Brooklyn Councilman David G. Greenfield last Friday led Commissioner Polly Trottenberg and several high level staff members from the New York City Department of Transportation on a problem-solving tour of several locations in Flatbush and Boro Park where traffic congestion and safety issues have long made travel more difficult for thousands of families across our community.
“Traffic congestion and safety are the number one quality of life issues in Boro Park and Flatbush,” said Councilman Greenfield. “I thank DOT Commissioner Trottenberg and her leadership team for joining me in my district to see firsthand what my constituents have to go through on the way to work, to school and to our parks. I look forward to continuing the partnership strengthened here in Brooklyn in the coming months as we pursue critical changes to make our streets safer and better for all of us.”

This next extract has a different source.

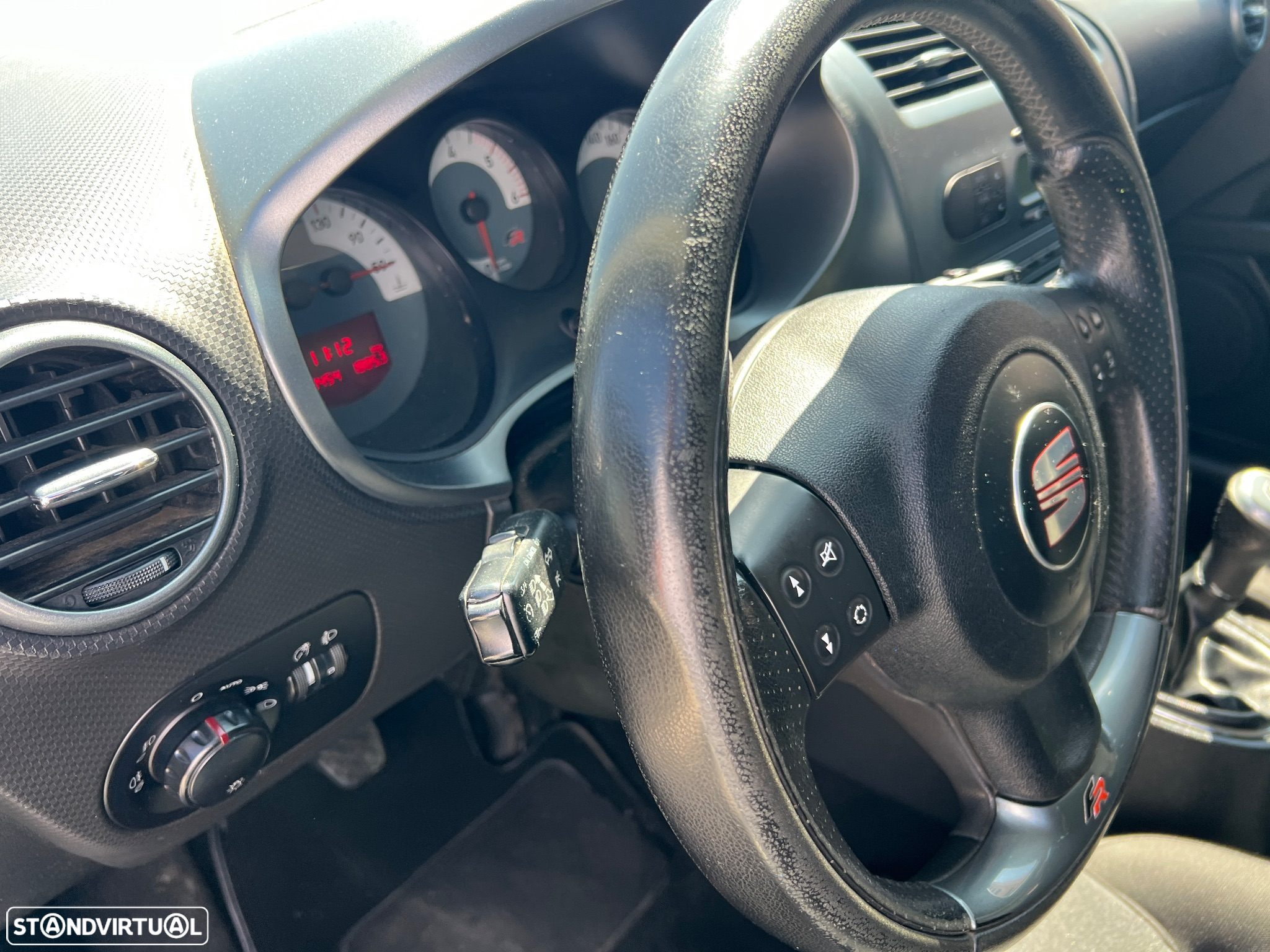 SEAT Leon 2.0 TDI FR 18 Tiago Monteiro - 38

Councilman Greenfield began his tour on Ocean Parkway, the central traffic artery through his southern Brooklyn district, highlighting the difficulties that drivers face turning onto and off of the main highway, service roads and intersecting streets because of new turn regulations. Commissioner Trottenberg and her chief engineers observed the long waits and frustrations that drivers face, especially as a result of new restrictions on the roadway. At the conclusion of that stop, the DOT officials agreed to reconsider some of the regulations that prohibit turns from the service roads onto the main road, particularly near large shuls and yeshivas and where requested by leaders from the Hatzalah volunteer ambulance service.
In addition to reevaluating rules on Ocean Parkway, Councilman Greenfield also secured a commitment from Commissioner Trottenberg to examine ways to ease congestion onto and off of Ocean Parkway along 18th and Foster Avenues, both critical links between Boro Park and Ocean Parkway. The study will also include the area around the 70th police precinct station house on Lawrence Avenue, where police vehicles must negotiate a narrow street while competing with pick-ups and drop-offs at nearby institutions including United Cerebral Palsy.

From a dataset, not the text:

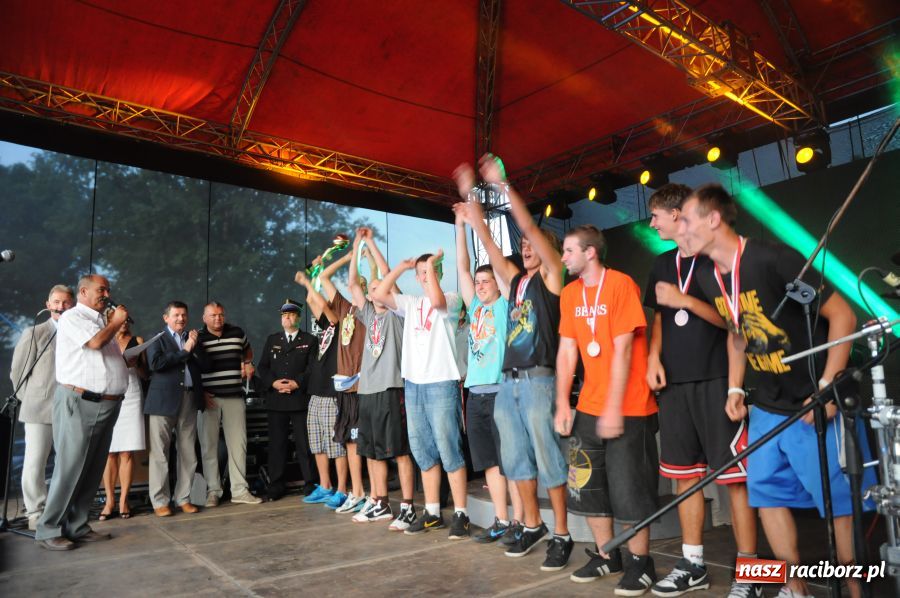Zdjęcie w galerii na portalu naszraciborz.pl: Raciborski skład w tegorocznym finale wiadomości z regionu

The tour continued at difficult intersections with unique safety challenges. At 13th Avenue and 60th Street, two-way traffic becomes one-way traffic, yet many drivers don’t realize and go the wrong way down a one way street in front of a yeshiva and a senior center. At 18th Avenue and 56th Street, thousands of children cross to enter the 18th Avenue Park but there is no traffic light or stop sign to permit them to cross safely. Similarly, at 21st Avenue, Dahill Road and 53rd Street, cars often round a blind turn down a block with two schools and a baseball field. For each of these locations, Commissioner Trottenberg and her team examined conditions closely and promised to return to the community with recommendations for improvements.